CD Forum's Summer Intern, Savannah Parker, was a part of a mural project at Seattle Academy (SAAS). Read below for Savannah's Artist Statement about her mural and her poem, "Yes, and."
You can see Savannah's mural in person at the intersection of Broadway, Madison, and Union in Seattle's Capitol Hill neighborhood.
The piece is inspired by a James Baldwin quote, "What is it you wanted me to reconcile myself to? I was born here almost 60 years ago. I'm not going to live another 60 years. You always told me, "It takes time." It's taken my father's time, my mother's time, my uncle's time, my brother's time, and my sister's time. How much time do you want for your progress?"
- James Baldwin
We have seen that police brutality doesn't discriminate, they'll harm children, men, women, trans women, trans men, they will harm any human being. As an African American, since the day you are born, you have a target on your back, and that target remains until the day you die. The words above the figures are from a poem I wrote titled, "Yes, and". The poem reflects the perspective of the African American struggle to stay the course. In some of the lines, I mockingly represent how African American Allies have failed to hit the mark. The colors presented in the piece are red, black, and green, the color palette of the African American Flag.

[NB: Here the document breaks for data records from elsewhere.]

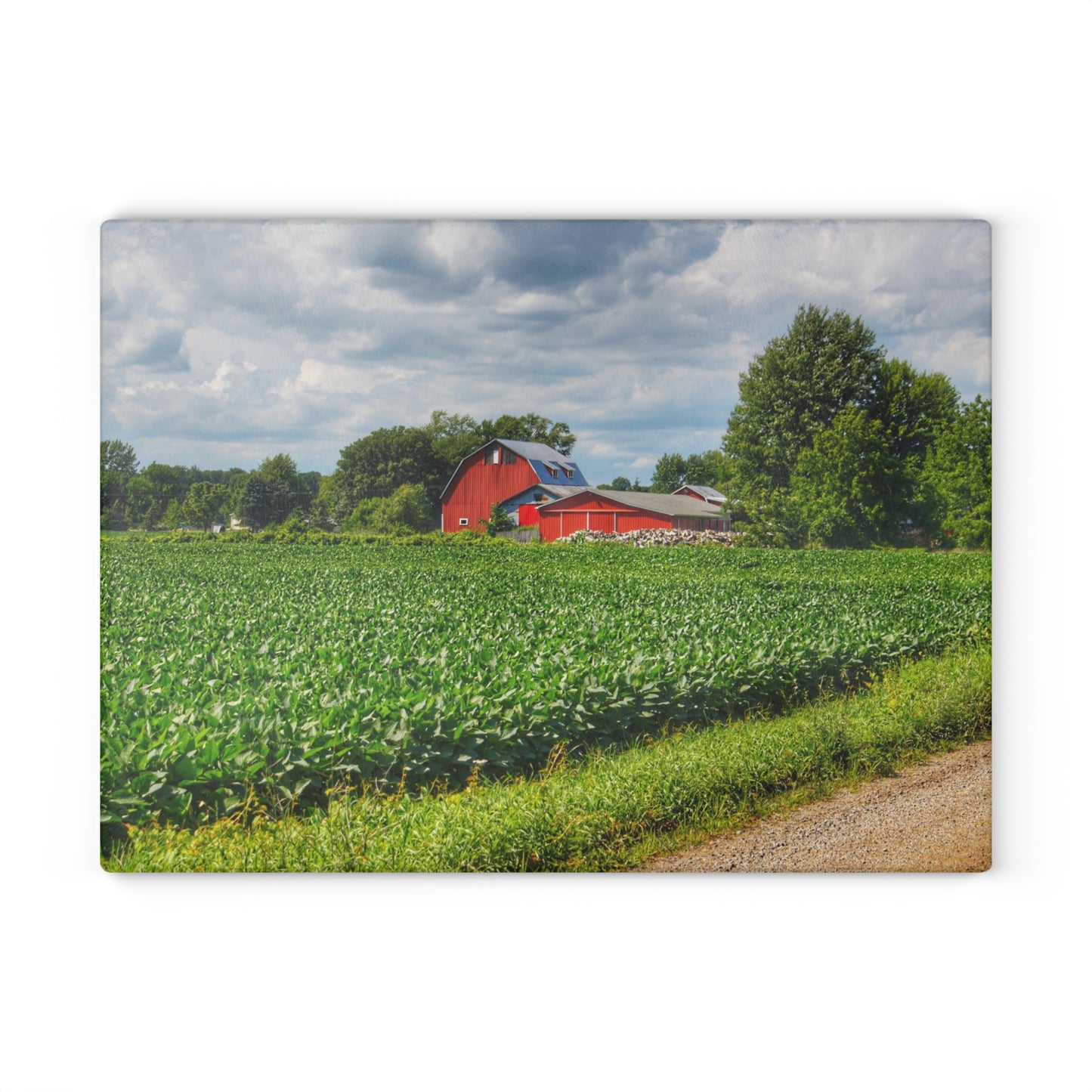 U R There Photography Block Road Reds Rustic Farmhouse Tempered-Glass Cutting Board
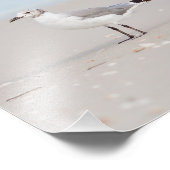 青い海と海の背景のカモメ フォトプリント (角)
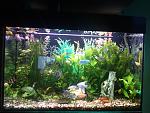 DSC 0109
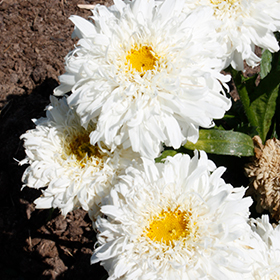 Leucanthemum AMAZING DAISIES® 'Marshmallow' - Garden Crossings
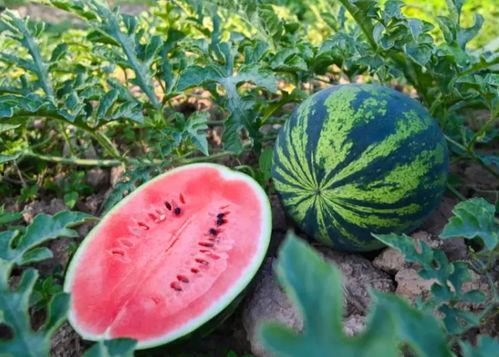 吃瓜永年,揭秘当地美食文化之旅 第3张 吃瓜永年,揭秘当地美食文化之旅 第3张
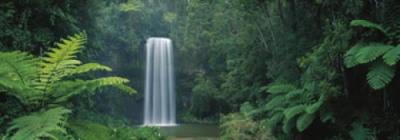 Millaa Millaa Falls, Queensland, Australia art print by Anonymous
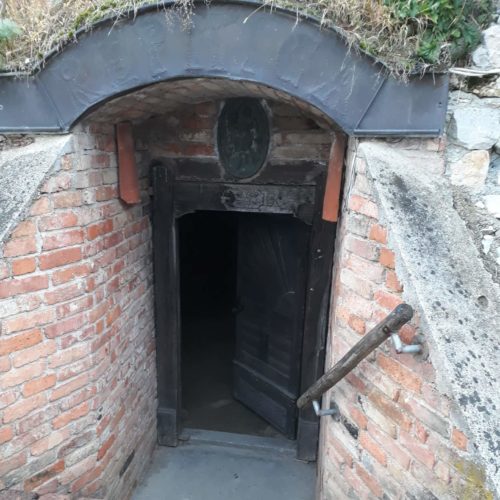 72119368_742777266187658_7766121209921536000_n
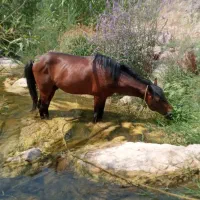 اسب سواری و مادیان و کره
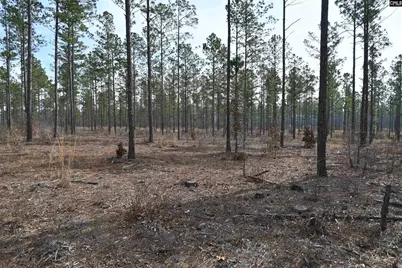 622 Pickett Thomas Road, Camden, SC 29020 - Photo 3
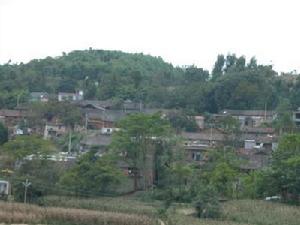 庵子上村 庵子上村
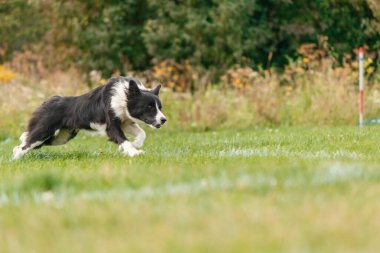 Dog catching flying disk in jump, pet playing outdoors in a park. sporting event, achievement in sport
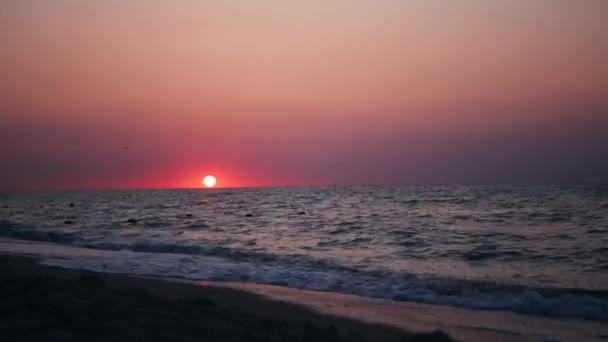 タイムラプス。カモメのビーチの日の出 — ストック動画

"Yes, and." You are not like them. They're not like us. We think that being ourselves isn't enough. So we're careful of what we say, careful in what we do. Only to remain the dullest color in an ocean of blue. We are here for our brothers We'll stand for our sisters. You'll rise for those who have given up, as long as the bare minimum is enough. Well, see, being human is already tough. And living as a human being, with a racial identity Adds a layer of complexity. Because who I am is based upon what you see of me. And who you are is based upon what I see in you and what you do. I stand in solidarity with those who have given up, but I refuse to inherit their bitterness, simply because life's been rough. I stand in solidarity with those who are trying but are too scared to ignite the words that give light to voices that are slowly dying. But still, I will not accept your compliance with our current state. I stand in solidarity with those who have been so bold, to share how they feel, I appreciate your effort to keep it real. But I will not accept the fact that you struggle to listen to the thoughts of others, simply because you refuse to heal, heal from the pain, or to find warmth after a year of cold rain. Acceptance can cause you to be stagnant or lead to change. I stand in solidarity with you because we have all been there; we have all been here. I have questioned my ability to make a difference in the world. I have tried and given up, reignited the spark, and tried again. But through it all, I've chosen not to accept what I can change.